No longer selling, or just out of stock? I know there's been a little shortage of portafilters recently.

If they are cutting back though, hopefully their machine sales will reflect this. I loved my DTP when I had one, and would sing it from the rooftops, but if this is the way they are going then shame on you Sage.


----------



## joey24dirt (Jan 28, 2017)

Another point is, that if they are creating machines to be thrown away, then this is terrible for the environment. All that plastic going to landfill


----------



## Iris (Oct 29, 2018)

Joey

I don't think these items are out of stock, appears they are no longer selling them as they have all disappeared from their website.

I was looking at the spares for the barista express, my friend wanted some spare filter baskets, but doesn't do online shopping so said I would get them for her.


----------



## joey24dirt (Jan 28, 2017)

Iris said:


> Joey
> 
> I don't think these items are out of stock, appears they are no longer selling them as they have all disappeared from their website.
> 
> I was looking at the spares for the barista express, my friend wanted some spare filter baskets, but doesn't do online shopping so said I would get them for her.


What that's crazy. Probably their biggest seller that!


----------



## lhavelund (Dec 28, 2018)

joey24dirt said:


> What that's crazy. Probably their biggest seller that!

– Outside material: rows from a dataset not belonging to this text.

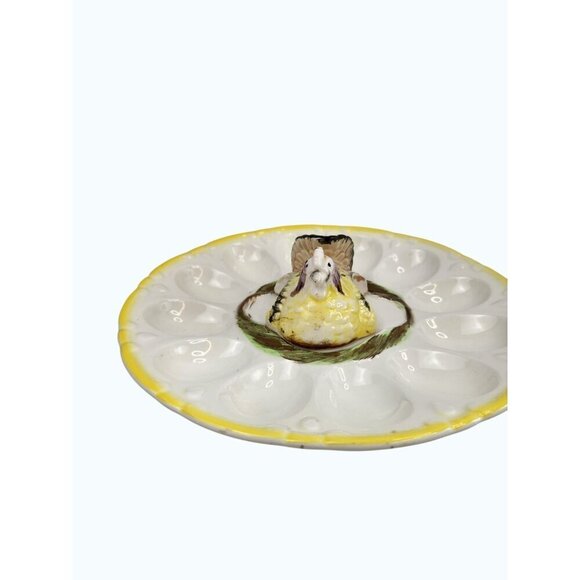 Chicken Deviled Egg Plate With 12 Egg Slots & Yellow Trim Easter Holiday Summer - Picture 11 of 12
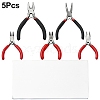 5Pcs 5 Styles Carbon Steel Jewelry Pliers AJEW-YW0001-19-1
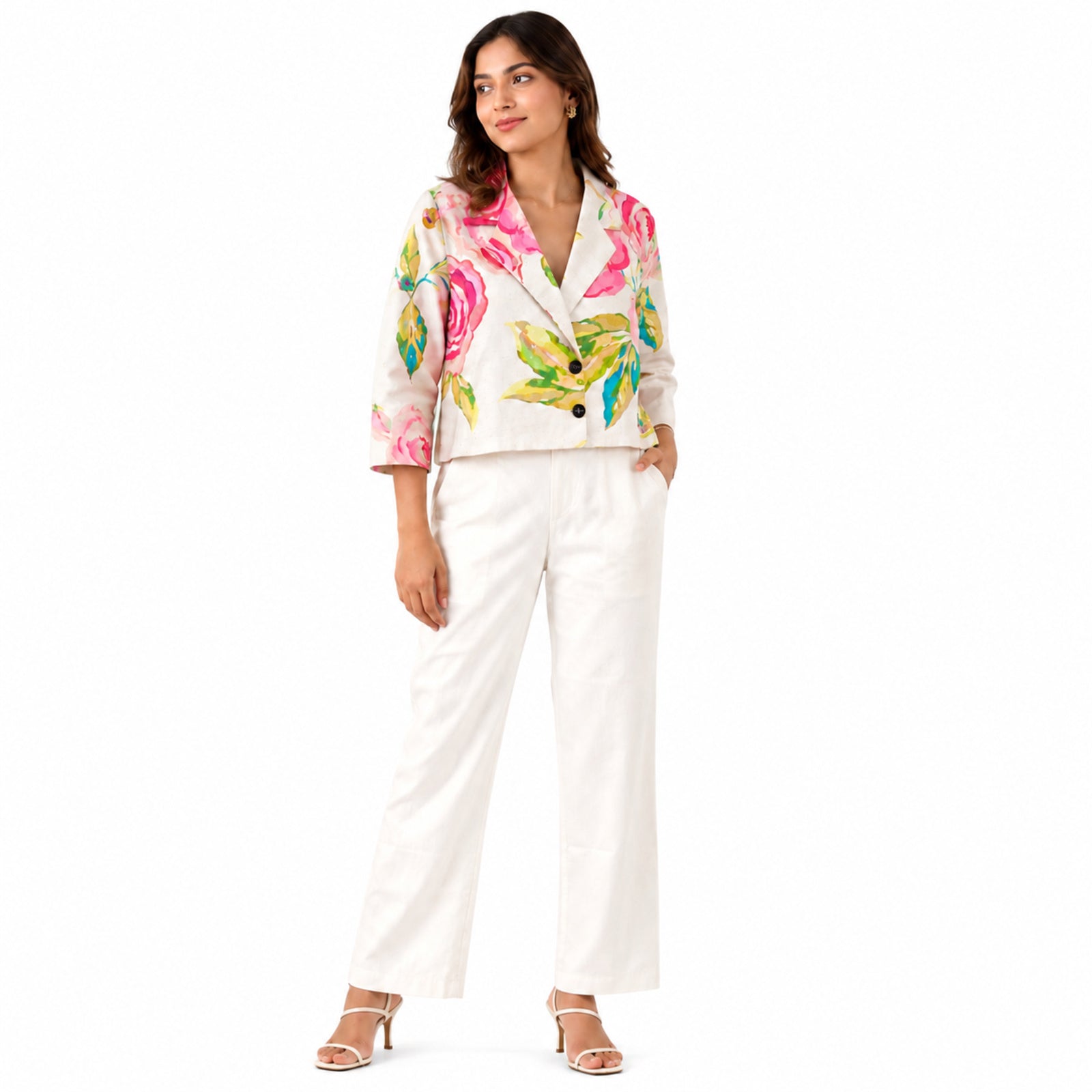 Women's Floral Print Co-Ord Blazer & Palazzo Set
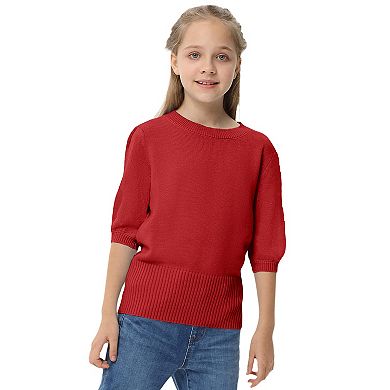 Kids White Crewneck Knit Sweater - Cute Fall Pullover for Girls 5-14 Years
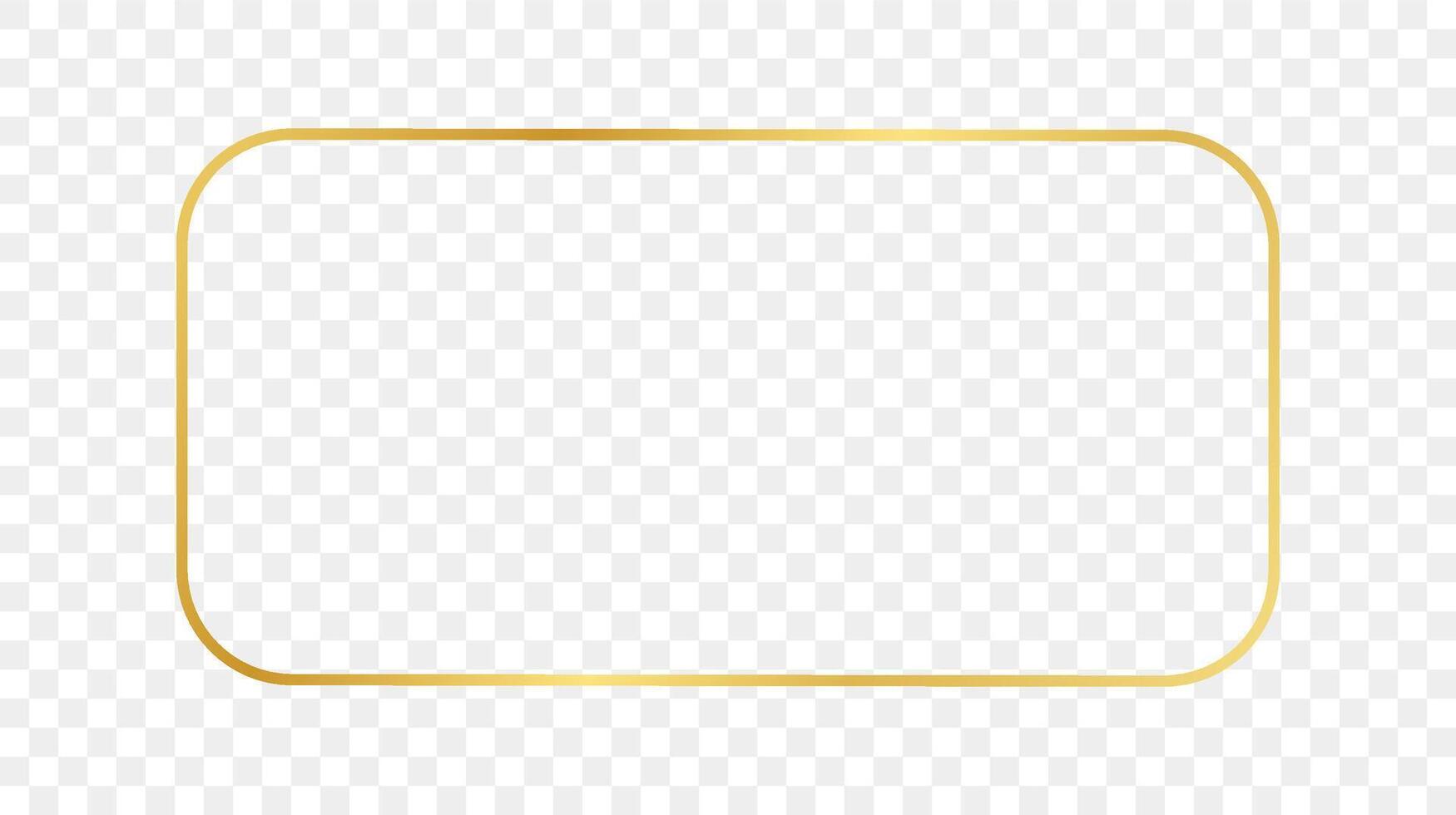 Gold glowing rounded rectangular frame isolated on background. Shiny frame with glowing effects. illustration. vector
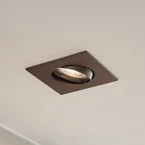 Fibur inbouwlamp, mat brons, 9 cm, GU10 - PRIOS - Woonkamer - Modern - Metaal - Hoekig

Probably caught onto your modifications


----------



## joey24dirt (Jan 28, 2017)

lhavelund said:


> Probably caught onto your modifications


Haha yeah. Starting to do their own


----------



## Nicknak (Aug 10, 2018)

There has been a few threads on here where people wanted o rings and others bits . referred to coffee classics who won't sell the parts . Someone wanted a £2 washer for his water tank , if I remember correctly they wanted £95 to fit it. They got it from America in the end .. It is disgraceful really .

Im glad I bought my oracle from Lakeland so when it broke after 3 month I got my money back .


----------



## Iris (Oct 29, 2018)

Well as much as my barista express, was a good machine I am glad I have sold it, I will never buy another sage product.

Will be getting some new coffee gear after my baby is born, provided my current disgust for coffee goes away, cant believe I just wrote that, but pregnancy has turned me right off coffee, cant even bear the smell at the minute.

My next machine needs to a machine were I can easily source parts and maintain it. Well I have 6 months to decide on my next purchase so will research thoroughly before jumping into another purchase such as sage.


----------



## Nicknak (Aug 10, 2018)

@Iris perhaps you should wait until number 2 and 3 (baby) arrive







.


----------



## Iris (Oct 29, 2018)

Nicknak said:


> @Iris perhaps you should wait until number 2 and 3 (baby) arrive
> 
> 
> 
> ...


haha no chance, this will be my first and last


----------



## joey24dirt (Jan 28, 2017)

Iris said:


> haha no chance, this will be my first and last


They always say that


----------